Be it enacted by the General Assembly of the state of Missouri, as follows:
Section A. Chapter 26, RSMo, is amended by adding thereto one new section, to be known as section 26.310, to read as follows:
26.310. 1. There is hereby created in the state treasury the "Governor Nixon's Federal Scratch-Off, Match-Off Fund", which shall consist of moneys collected under this section.
2. For each regular pay period for employees of the state of Missouri, two dollars shall be deducted from the governor's personal pay and deposited into the fund.
3. The governor or the governor's designee shall each week withdraw one dollar from the fund and purchase a Powerball lottery ticket on behalf of the citizens of the state of Missouri.

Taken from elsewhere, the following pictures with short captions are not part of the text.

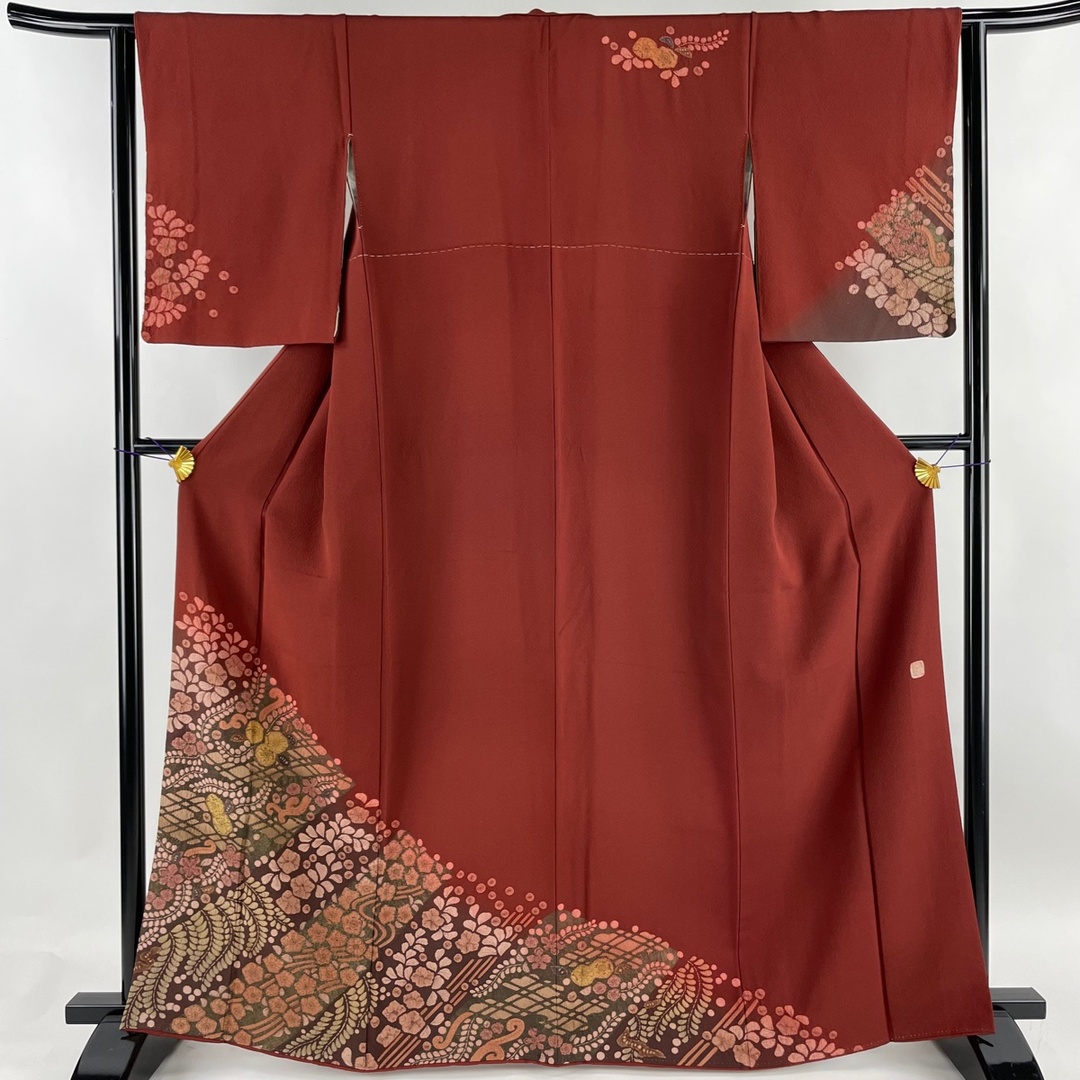 振袖 身丈165cm 裄丈67.5cm 正絹 美品 名品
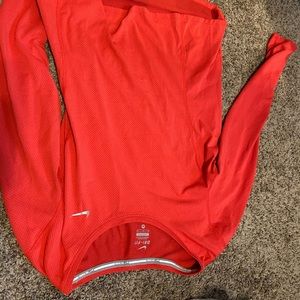 Nike long sleeve women’s Medium dri fit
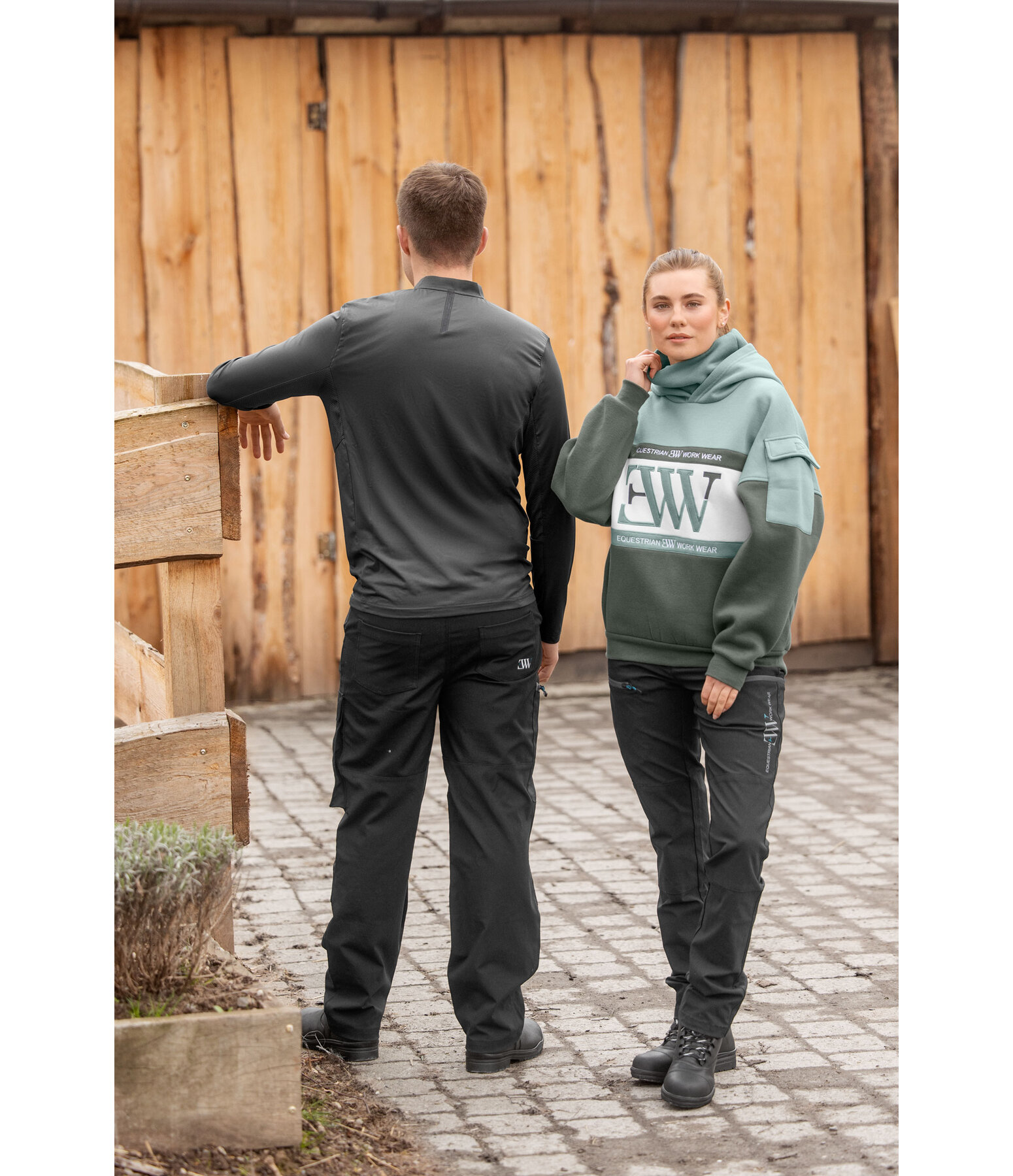 Herren-Ganzjahres-Funktions-Outdoorhose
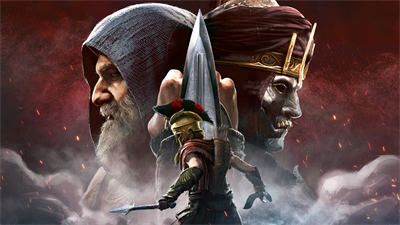 Assassin's Creed: Odyssey - Fanart - Background Image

The ticket shall be purchased at a Missouri licensed lottery retailer.
4. All moneys awarded and collected from a winning ticket purchased under this section shall be deposited into the fund until such time as the fund balance exceeds three hundred million dollars. At such time, the governor shall have the authority to dissolve the fund and transfer the moneys in the fund to the general revenue fund for the purpose of filling any current budget shortfall.
5. All deposits to the fund from the governor's personal pay under subsection 2 of this section shall cease at the time the governor dissolves the fund in accordance with subsection 4 of this section.